Coronavirüs salgınında en önemli korunma yolu olarak sosyal izolasyon öneriliyor. Yaygın bulaşıcılığı olan hastalıklarda diğer insanlarla temasınız ne kadar azalırsa hastalık kapma ihtimaliniz de o kadar düşüyor. Kısa zamanlar için sınırlı mekanlarda yaşamı sürdürmek zevkli bile olsa da zaman uzadıkça bir çok insan için can sıkıcı bir hal alabiliyor. 

Dünya çapında yaşanılan bu salgın hayatlarımızda da bazı değişiklikleri kalıcı hale getirebilir. Örneğin evden çalışma yaygınlaşabilir, İnternet'ten evlere servis alış-verişlerin oranı artabilir. Tablo şimdiden oraya gidecek gibi görünüyor. 

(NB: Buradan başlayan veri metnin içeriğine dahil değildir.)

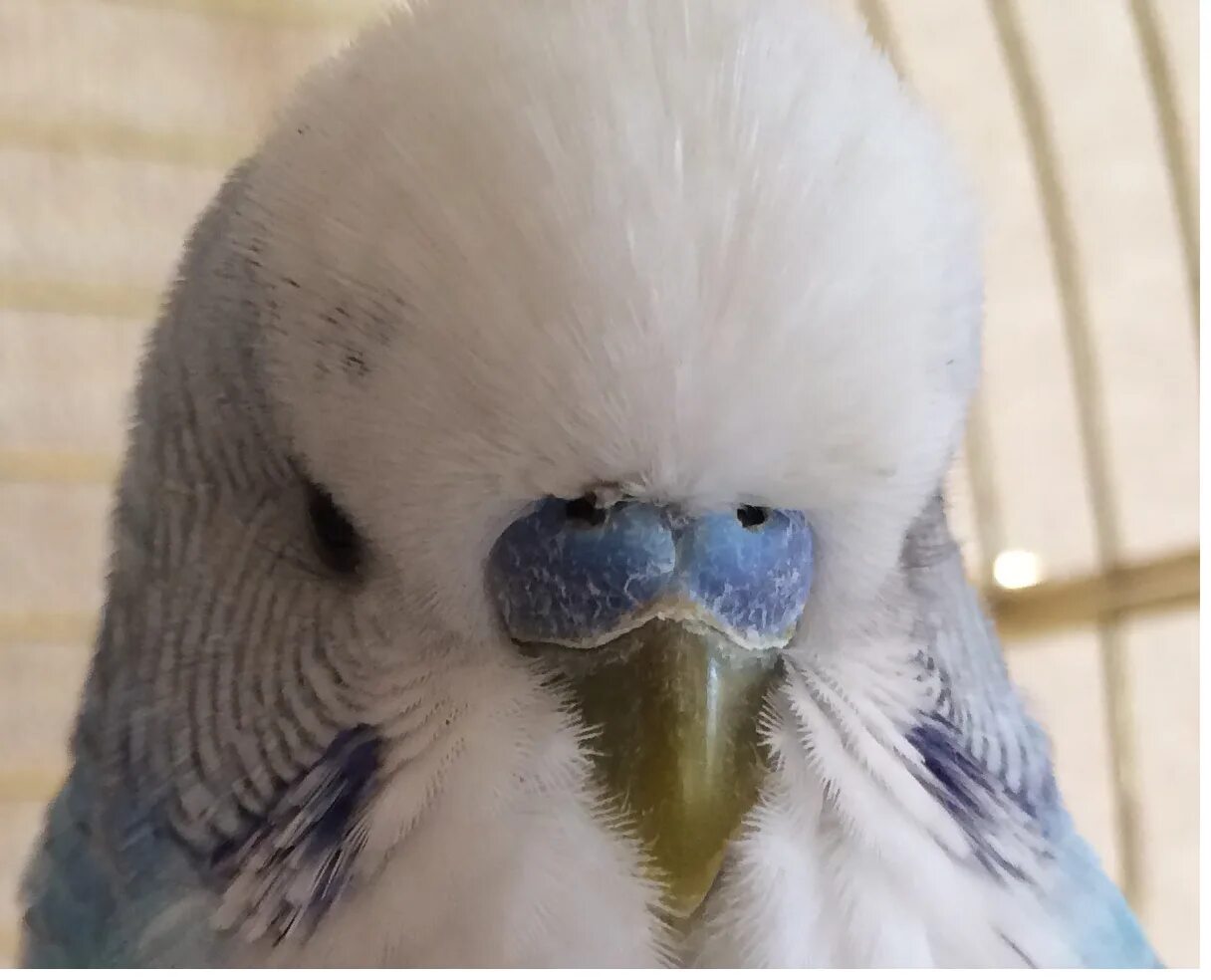 Восковица самочки волнистого попугая. Кнемидокоптоз у волнистого попугая. Волнистый попугай арлекин. Восковица. Коричневая роговица у волнистого попугая.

Uzakdoğu'da kış mevsimlerinde salgın olmadığında da toplu alanlarda yüzleri maskeli insanların fazlalığı dikkatlerimizi çekiyordu. Bu salgın atlatılsa bile örneğin kış mevsimlerinde belki sosyal hayata maskeli olarak karışma şekli yaygınlaşabilir. Çünkü sadece Coronavirüs'e değil, tüm grip etkenlerine karşı önlemlerin artacağı görülüyor. Yeme-içme, temizlik, giyim-kuşam alışkanlıklarına vs. kalıcı etkileri olabilir diye düşünüyorum...

Fakat salgının şimdilik hayatlarımızı en çok etkileyen yönü evlerimizle olan ilişkilerimiz oldu sanırım. Bu hafta sonu İstanbul'dan yayılan görüntülerde evde vakit geçirmeyi pek de sevmeyen insanlar olduğumuz anlaşıldı. Piknik yerleri, sahiller, meydanlar insan kalabalıklarıyla doldu taştı. Sadece hastalık tehlikesini ciddiye almadıkları için böyle davrandıklarını düşünmüyorum insanların. Aynen İtalya'da olduğu gibi... Daha çok, yaşama biçimlerinin ev dışında oluşturulmuş olması asıl etken. Kuzey ülkeleri örneğin daha çok zorunlu olmaları sebebiyle evlerinde daha mutlu hayatlar kurabiliyorlar. Oysa Güney ülkeleri sıcağın elverdiği imkanları ve imkansızlıkları yüzünden yaşamlarının önemli bölümlerini ev dışında kuruyorlar. Bu kültürel-davranışsal kodları çabucak değiştirmek de pek kolay değil. Zaten toplumları kökten davranış değişikliklerine yönlendiren asıl şeyin zorunluluklar olduğunu düşünüyorum. Öyle tavsiyelerle, sitemlerle vs. köklü değişikliklere yol açabilmek mümkün olmuyor. İşte şayet Coronavirüs hayatlarımızı değiştirecekse, bizi değişime zorlayacağı için değiştirecek... Sevdiklerimizin ve kendimizin ölme ihtimalimizden daha güçlü bir zorlayıcılık da herhalde yoktur...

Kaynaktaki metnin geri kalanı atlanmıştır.